You can call one after the other. I usually call the Trim() function as well. The replaceDiacriticMarks() function replaces character with their "similar' standard ascii values, so è gets turned into e.

15,674 Comments

@Jeff,

Looking pretty cool. I like that you get the "like looking" letters for foreign characters. I can really see where that would be good to have on hand.

3 Comments

@Ben,

I still think it's bad to be doing *that* many replaces, but for my needs it works (seems to perform well/quickly).

The replaceAscii() just gets rid of the chars completely, which is probably worse than what your doing...

I usually just call this function (which uses the 2 other functions I pasted in):

<cffunction name="safeForXml" returntype="string" output="false">
<cfargument name="argString" type="string" default="" />
<cfset var retString = arguments.argString />
<cfset retString = replaceDiacriticMarks(retString) />
<cfset retString = replaceNonAscii(retString) />
<cfset retString = Trim(retString) />
<cfreturn retString />
</cffunction>

15,674 Comments

@Jeff,

That sounds fair to me. That pretty cool that you already knew how to use the HEX values in the regex. I think that's way awesome. I love regular expressions.
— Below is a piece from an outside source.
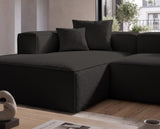 Designer Ecksofa Reno in Bouclé – Anthrazit – Links
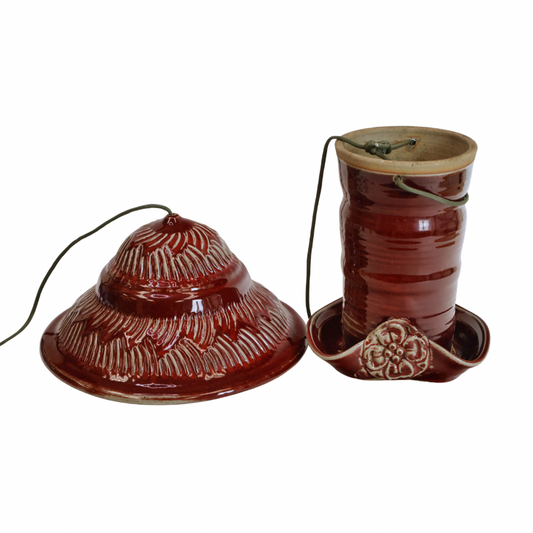 Red Bird Feeder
I think the only real difference that mine has is that it has a default case that replace any high ascii values that were not accounted for. Other than that, I think we are headed in the same direction.

111 Comments

Rather than doing all of those cfsets and replaces, could you perhaps return an array of matched high ascii characters (just the numeric values), then loop over that list and replace those values with matching values from another array of replacements?

e.g.
<cfloop array="#matchingHighAscii#" index="value">
<cfset myString = Replace(myString, "&#" & value & ";", lowAscii[value], "ALL")>
</cfloop>

5 Comments

Wow, very timely entry, Ben! Yesterday I discovered a need to convert extended ASCII characters into their HTML encoded entities... and then I saw this post in my feed reader. Thanks. This is perfect.

2 Comments

Thanks guys for all your comments. I have been working at a solution of my own, inspired by some of the solutions here. I specifically wanted to convert all high characters with a value greater then 127 into XML safe hexadecimal characters. I came up with a small solution that doesn't rely on any external objects yet was based on a regular expression.

It can be found at my blog ..
http://ipggi.wordpress.com/2008/03/11/remove-or-clean-high-extended-ascii-characters-in-coldfusion-for-xml-safeness/

3 Comments

Handling unicode bytes is unfortunately a little more complicated than stripping "bad" characters.
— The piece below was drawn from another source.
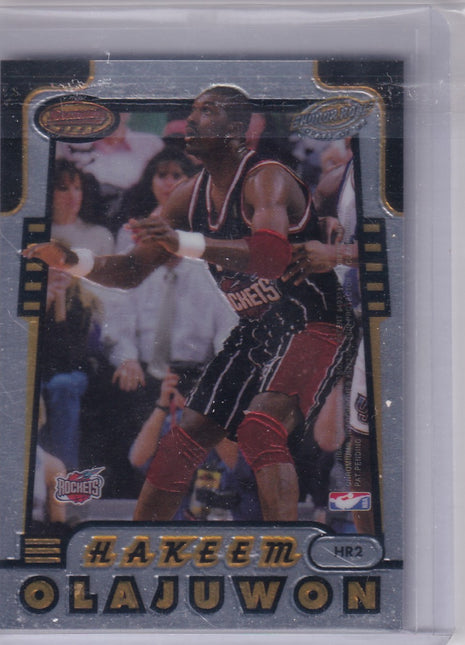 Michael Jordan Hakeem Olajuwon Honor Roll 1996 Bowman's Best #HR2 Rockets Bulls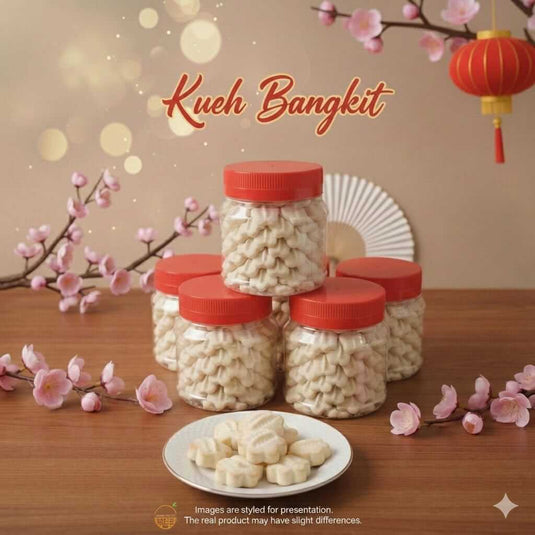 Homemade Kueh Bangkit Chinese New Year cookies in Singapore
The issue is that multi-byte characters may start with a byte outside of the 0x00-0x7F range, but may then be composed of 1-3 additional bytes which are within this range. So when you strip the "bad" bytes, you're snagging only the first byte out of a multi-byte character. It can lead to garbage characters in your output.

You're also left completely without the ability to handle many foreign languages, your code can only handle latin characters, and that's just too restrictive for many folks.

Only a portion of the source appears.